4/12. Ça commence un jour d’été
Il est des rencontres qui étonnent, même si rien ne s’opposait à pareille rencontre.
Prenons donc Fabio Viscogliosi, musicien multi-instrumentiste qui a travaillé avec les Married Monk, avec Yann Tiersen, et qui est l’auteur de deux albums solos : Spazio et Fenomeno. Compliquons les choses en disant que cet homme est également auteur de bande dessinées et d’albums jeunesses. Mettons-le en présence de Brigitte Giraud que l’on sait – par ailleurs – très attentives aux musiques actuelles, elle a emprunté le titre d’un de ses livres [1] à Dominique A et mettait en exergue de son très beau récit A présent cette phrase de Lou Reed : Le rock’n’roll ne ment pas. Il ne promet jamais une fin heureuse.
Que se passe-t-il lors de cette rencontre : Brigitte Giraud lit un texte, écrit voici quelques années, un texte fragile, un peu hybride, nommé Avec les garçons que Fabio Viscogliosi illustre à sa manière, en créant une bande son pour les mots. Un film est réalisé [2] lors de cette rencontre, un film très sobre, une lecture-concert filmée, en noir et blanc.
Elle lit, en se balançant un peu sur la musique qu’il joue, concentré, attentif.
1 – Ça commence un jour d’été. Et ça ne s’arrêtera jamais. La pierre brûle. La lumière fait comme un incendie. Les lanières de mes sandales me blessent. Mais je ne vois que le garçon.
En soixante-sept fragments et une nouvelle, Brigitte Giraud raconte l’incroyable : la naissance de l’amour, le premier ; le bouleversement en soi, la radicale transformation qui fera que le monde – plus jamais – ne sera comme avant.
4 – Je suis suspendue aux gestes du garçon. Ses apparitions. Sa démarche. Son indifférence. Nos regards ne se sont pas encore croisés. Il s’agit d’un simple déplacement d’air. Une possibilité. Le soir dans mon lit, alors que mon frère refuse d’éteindre sa lampe de chevet, je fixe un point dans le rideau et je récapitule.
Les mots sont pudiques, d’autant plus que la situation est d’une extrême banalité, il n’y aurait presque rien à dire, il y a là un fil tellement ténu que la moindre fausse note éboulerait tout l’ouvrage.

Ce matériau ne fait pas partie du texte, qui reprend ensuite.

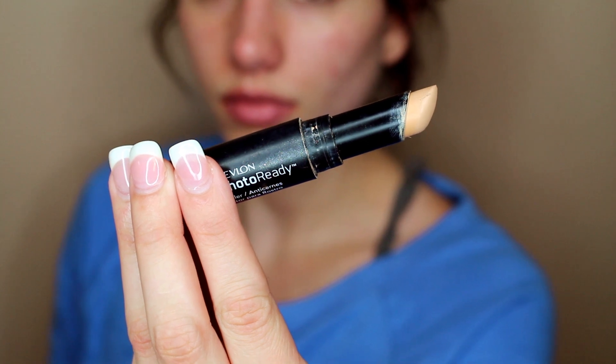Please excuse my horrid sick voice, but we're going to be starting off today with a concealer. This is Revlon Photo Ready Concealer, and I'm applying this onto my eyelids to help the eyeshadow stay better.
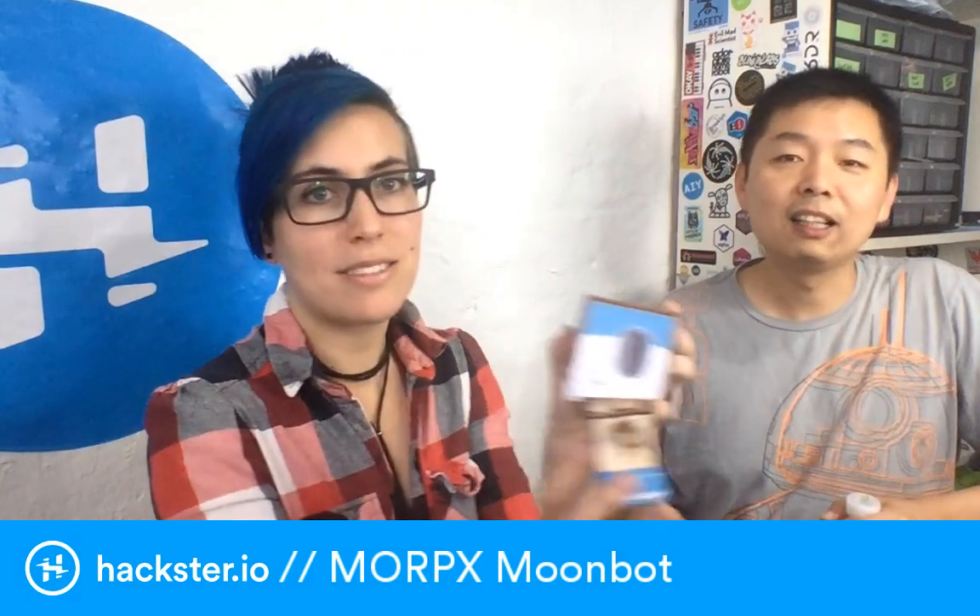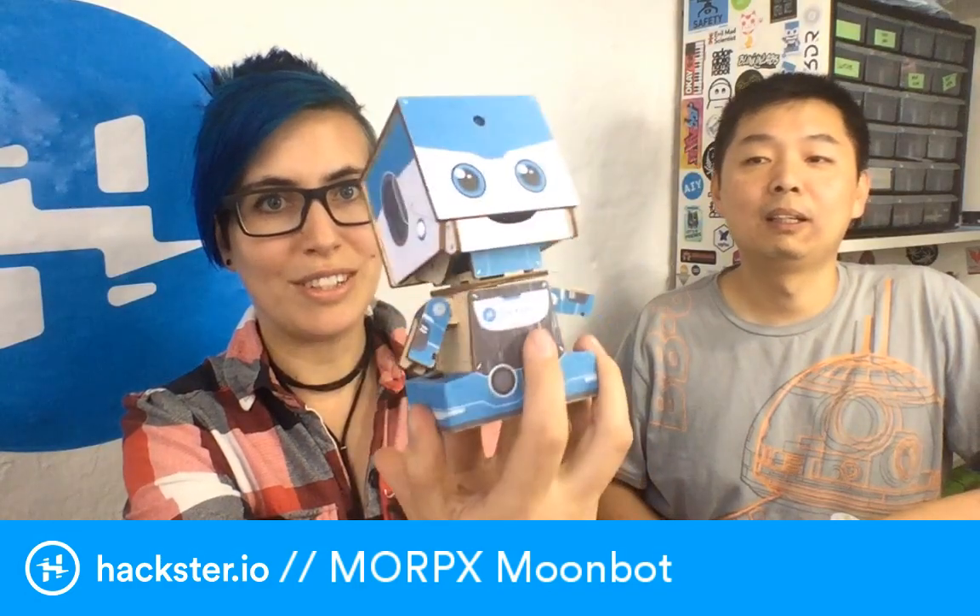Alright, what's up Hacksters? Here in the office we have Tian Li from Morpix. Tian Li is showing off the new Moon Bot from Morpix, which is a big sibling to the Space Bot that we put together on the show before, which I'm sure you've seen. We'll put the link to that in the description of this video, because it's a really cool little robot.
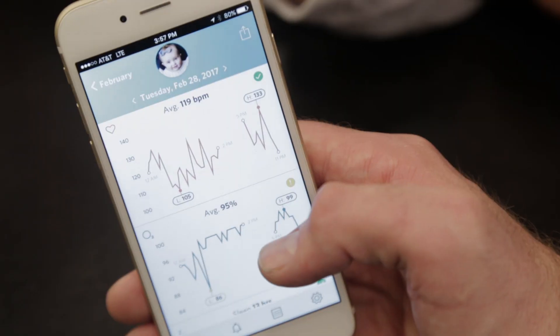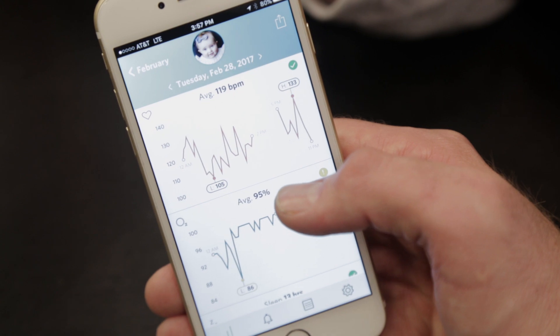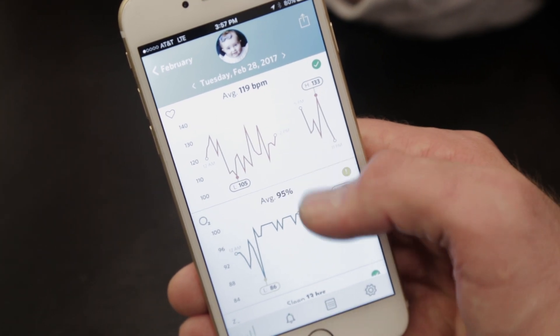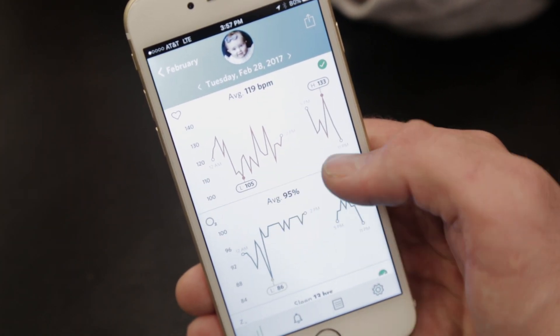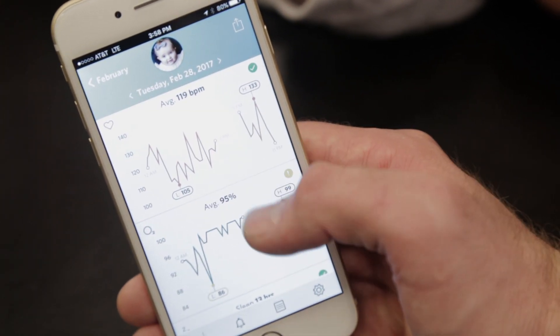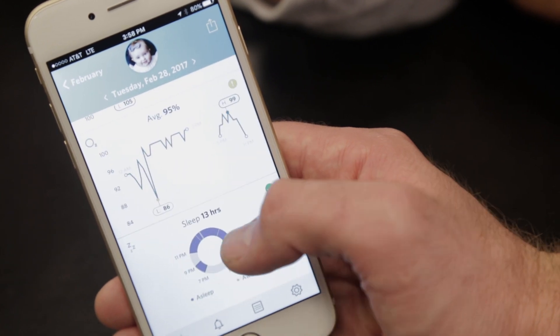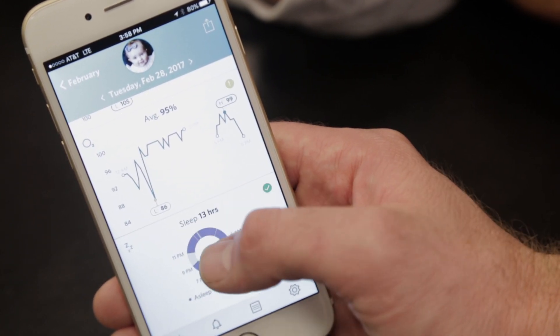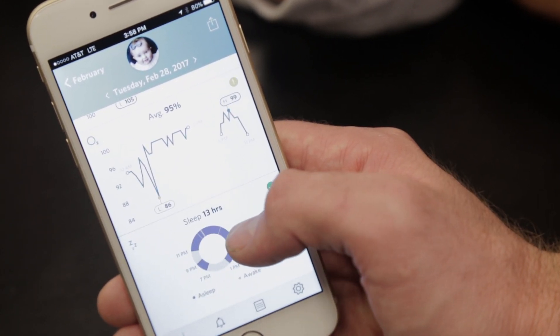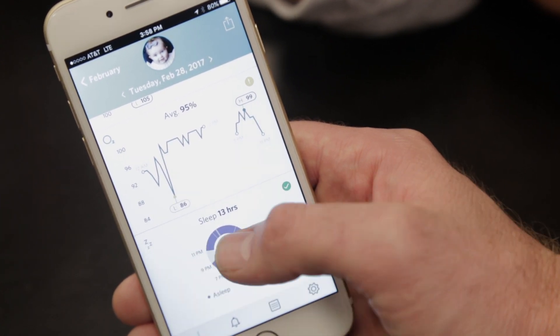We've also created a new app feature called Connected Care. Inside of Connected Care, you can actually track your baby's heart rate and oxygen levels over time, trend those, and look at percentile comparisons with other babies. We also have a new feature that tracks your baby's sleep, so you can go deeper into analytics and look at what her normal nap routine is and how she sleeps better under certain conditions versus others.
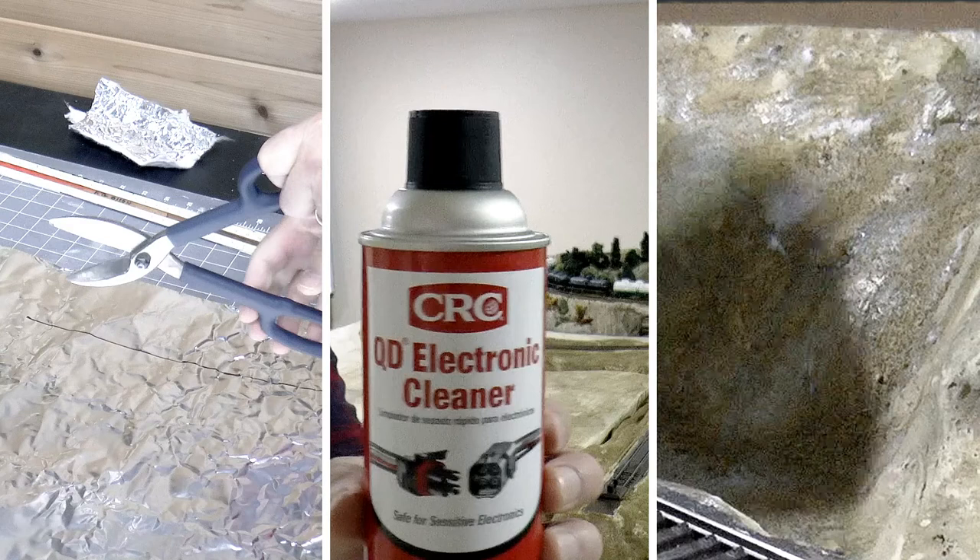To sum things up: the Woodland Scenics Shaper Sheet product is a good product — I'll be using it again for my next mountain scene. The only issue is you need to use tin snips to cut them. For track cleaner, I recommend the CRC product — it'll clean your track and improve electronic connectivity between the locomotive and the track. For ground cover, use the sprinkle method to control the amount you're applying. Thanks for watching — we'll see you on the next video.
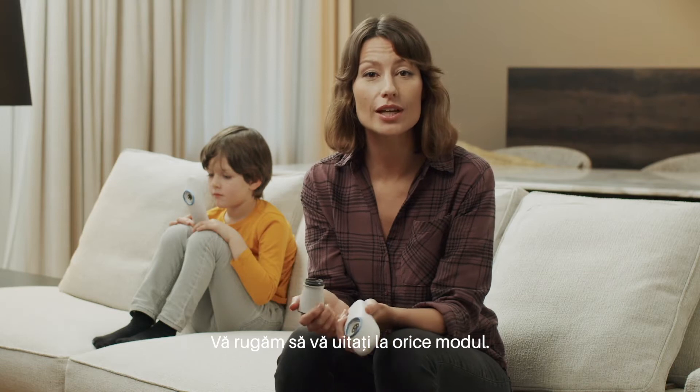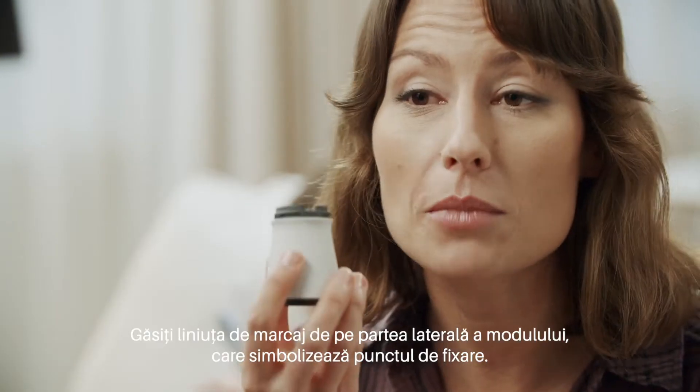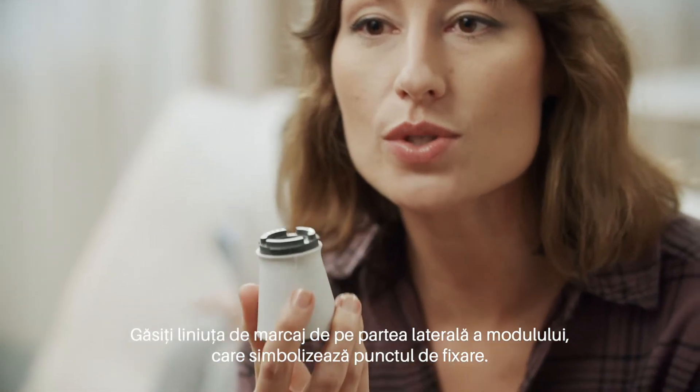Please have a look at any module. Find the marker line on the side of the module that shows the mounting location.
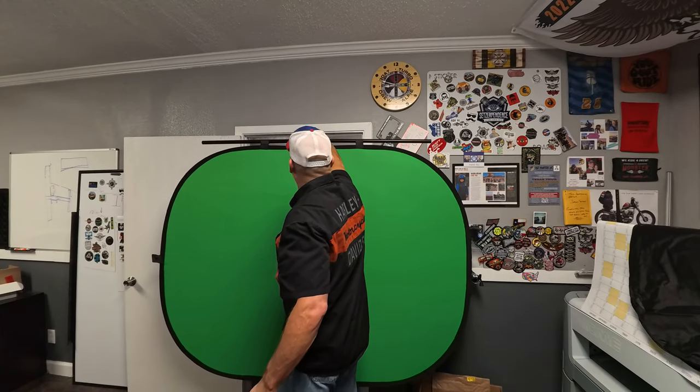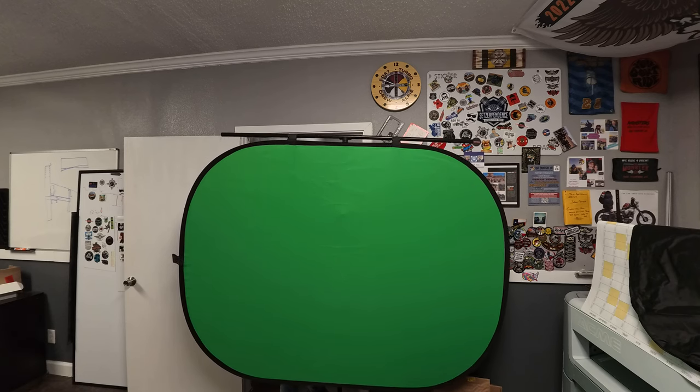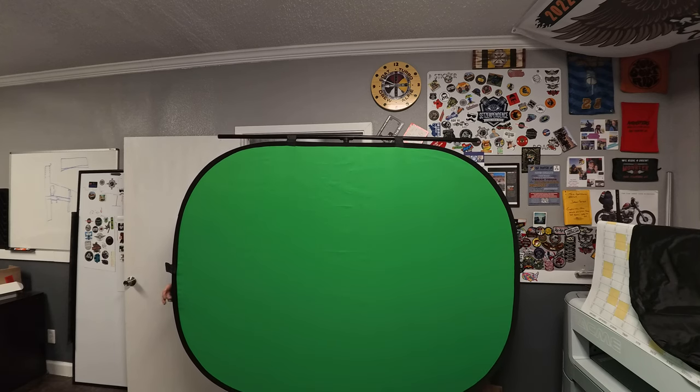I noticed the other day — that's all the height I have on my green screen. I've never used my green screen when I'm standing up.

Il s’agit d’une adolescente qui regarde un garçon, un été, au camping, qui regarde un garçon réellement, pour la première fois. Il s’agit de dire ce miracle, incertain, qui emporte tout pourtant sur son passage, qui transforme tout.
12 – Je sais, je ne suis pas drôle. Je me permets des gestes, avec mon frère, que ma mère déplore. Je perds mon sens de l’humour, paraît-il. Je deviens égoïste. Alors chacun se venge, j’entends des mots me concernant qui me blessent. J’entends parler d’hormones, on me traite de grande dinde ou de madame la marquise. Je ne joue plus au château de sable avec mon frère, c’est comme un crime que je commets. Je sens les regards hostiles, les jugements qui me disqualifient, les soupirs qui me méprisent. Je sens que ma cote descend en flèche. Malgré moi je trahis.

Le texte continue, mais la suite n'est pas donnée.